Wer in Berlin Eigentumswohnungen kauft, um durch die Vermietung als Ferienwohnung Geld zu verdienen, sollte sich intensiv mit dem sogenannten Zweckentfremdungsverbot-Gesetz der Hauptstadt beschäftigen. Es trat im Mai 2014 in Kraft und sollte dazu beitragen, den in Berlin herrschenden Mangel an bezahlbarem Wohnraum zu lindern. Seither wird für die Nutzung bestehender Wohnräume als Ferienwohnung eine besondere Genehmigung des zuständigen Bezirksamts benötigt. Allerdings stellt sich die Frage, ob dieses Gesetz in Teilen gegen das Grundgesetz der Bundesrepublik Deutschland verstößt. Zu dieser Schlussfolgerung kam das Oberverwaltungsgericht Berlin-Brandenburg in den unter dem Aktenzeichen OVG 5 B 14.16 zusammengefassten Verfahren. Diese Frage soll nun das Bundesverfassungsgericht klären. Insbesondere werden hier die Rechte der Eigentümer tangiert, welche im Artikel 14 des Grundgesetzes benannt werden. Er lässt Beschränkungen der Verfügungen über das Eigentum (dazu gehört auch Wohneigentum) nur nach „gerechter Abwägung der Interessen der Allgemeinheit und der Beteiligten“ zu.
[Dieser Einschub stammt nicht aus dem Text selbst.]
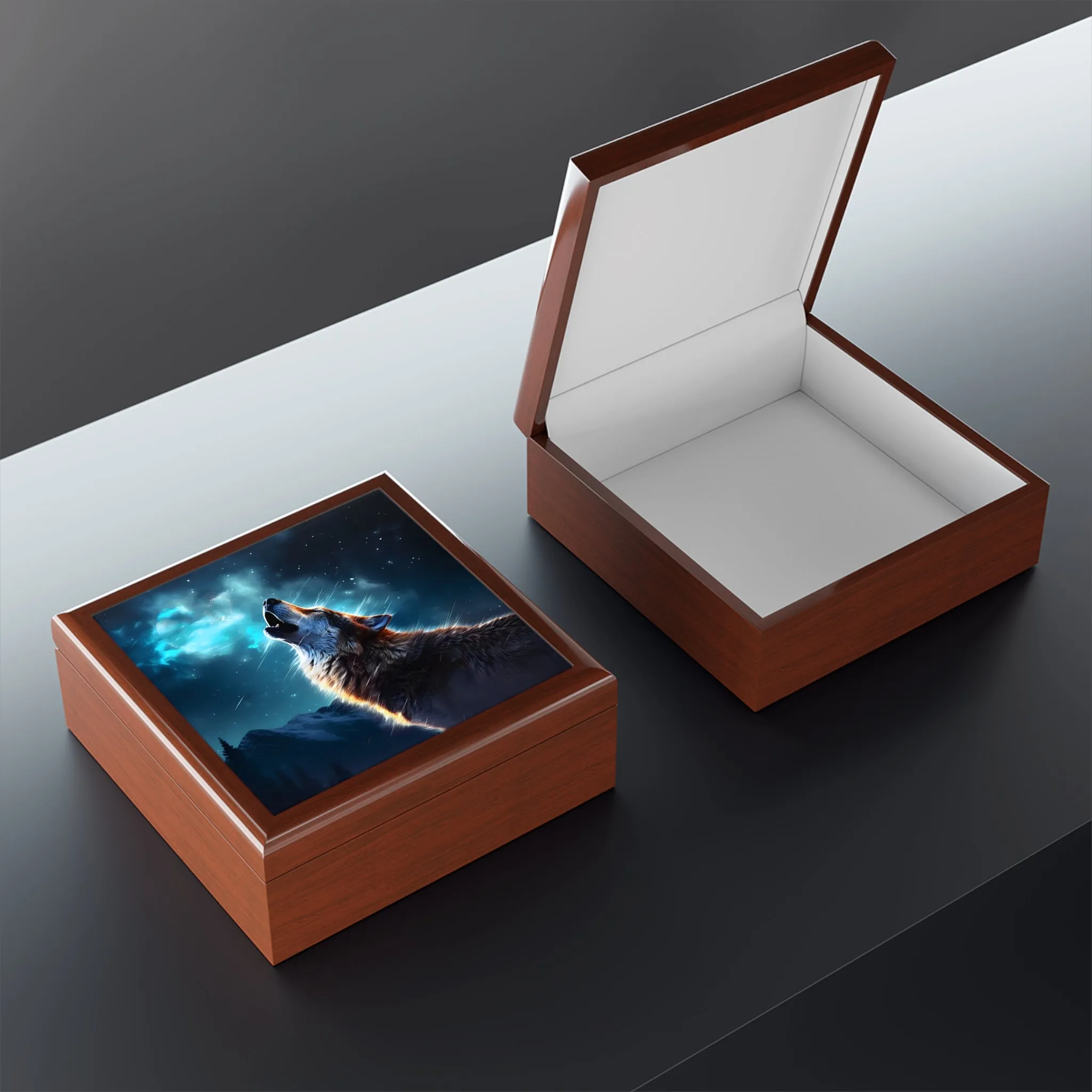 Howling Wolf Artwork Print Gift and Jewelry Box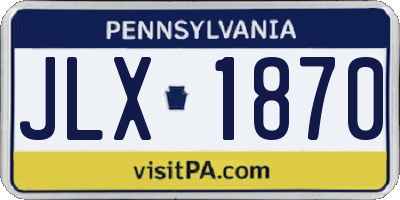 PA license plate JLX1870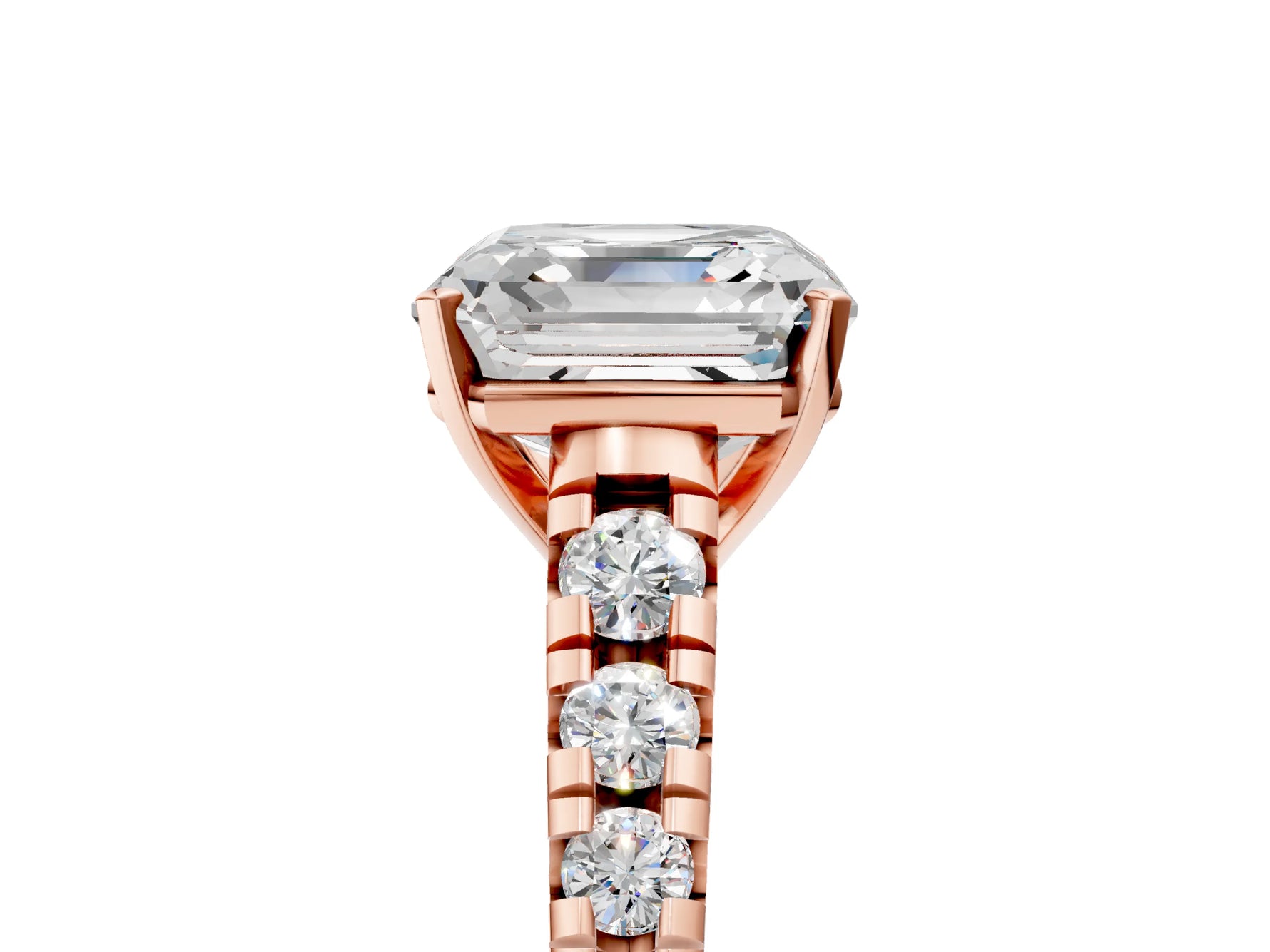 Asscher Cut Diamond Vintage Scroll Solitaire Ring in Rose gold with Graduated Round Side Stones_29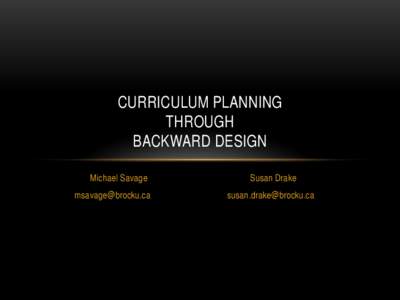 Curriculum Alignment through Backward Design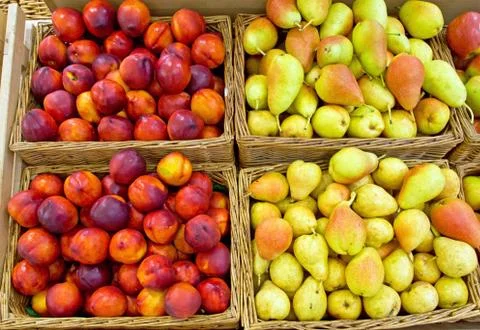 Apples and pears Stock Photos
Was bedeutet der aktuelle Beschluss des Oberverwaltungsgerichts?

Nach dem Zweckentfremdungsverbot-Gesetz können Bußgelder auch dann verhängt werden, wenn bereits zum Zeitpunkt der Einführung des Gesetzes als Ferienwohnungen genutzte Wohnräume weiterhin als Ferienwohnungen für die temporäre Vermietung angeboten werden. Zahlreiche Betroffene hatten gegen die verhängten Bußgelder geklagt. Die derzeit anhängigen mehr als vierzig Verfahren wurden vom Oberverwaltungsgericht Berlin-Brandenburg bis zum Vorliegen der Entscheidung des Bundesverfassungsgerichts ausgesetzt. Nur wenn dort bestätigt wird, dass das Berliner Zweckentfremdungsverbot-Gesetz verfassungskonform ist, kann es auch rückwirkend angewendet werden. Die rückwirkende Anwendung bezieht sich auf den Zeitraum der Übergangsregelung, welche im April 2016 endete. Denjenigen, die keine Erlaubnis beantragt und erhalten haben, drohen Bußgelder bis zu einer Höhe von 100.000 Euro, wenn das Bundesverfassungsgericht die Inhalte des Zweckentfremungsverbot-Gesetzes in Berlin für vollständig verfassungskonform erklärt.

Welche Rolle spielen Ferienwohnungen auf dem Wohnungsmarkt Berlin?

Einen Antrag auf die Genehmigung der Nutzung von Wohnraum als Feriendomizil haben in Berlin im Übergangszeitraum 6.300 Wohnungseigentümer gestellt. Studien zufolge soll jedoch zum Ende der Übergangsregelung rund 14.400 vollständig als Ferienwohnung angebotene Objekte in Berlin gegeben haben. Hinzu kamen rund 9.600 Objekte, die teilweise als Feriendomizil genutzt werden können. Den Besitzern dieser Wohnungen drohen dann keine Bußgelder, wenn der als Ferienunterkunft angebotene Anteil der Wohnfläche weniger als 50 Prozent ausmacht. Wer also nur einzelne Zimmer seiner Eigentumswohnung als Unterkunft für Touristen anbietet, muss sich auch dann keine Sorgen machen, wenn das Bundesverfassungsgericht das Zweckentfremdungsverbot-Gesetz nicht beanstandet. Allerdings muss es sich dabei immer um einen Hauptwohnsitz handeln, welcher als Lebensmittelpunkt genutzt wird. Eine weitere Ausnahme sieht das Gesetz für Home Sharing vor. Dabei handelt es sich um den Tausch der Wohnungen für die Urlaubszeit. Hinzu kommt die Möglichkeit, als Lebensmittelpunkt genutzte Wohnungen einmalig beispielsweise bei einem längeren Urlaub oder einem dienstlich oder durch die Ausbildung bedingten Auslandsaufenthalt als Urlaubsquartier für Dritte zu vermieten.